• **Given records**

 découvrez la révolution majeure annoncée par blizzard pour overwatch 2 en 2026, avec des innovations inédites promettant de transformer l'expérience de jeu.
* * *
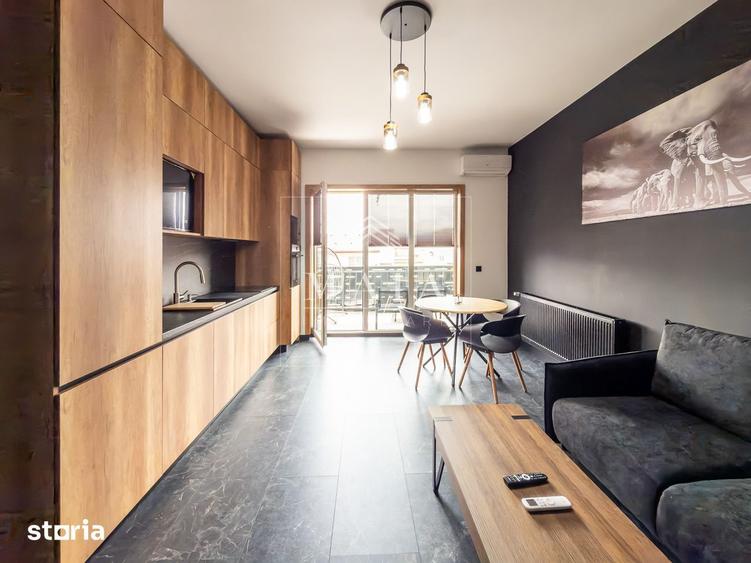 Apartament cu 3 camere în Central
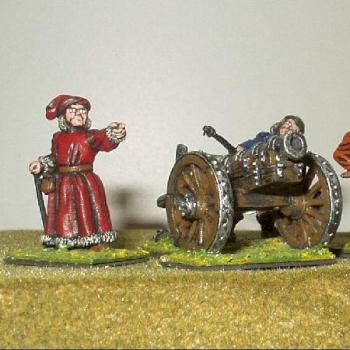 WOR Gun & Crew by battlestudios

• **What is expected**
Range to copy from the listing above: the line with "Apartament cu 3 camere în Central" through the line with "WOR Gun & Crew by battlestudios". Transcribe it exactly and skip the pictures.

• **Output for this task**
 Apartament cu 3 camere în Central
 WOR Gun & Crew by battlestudios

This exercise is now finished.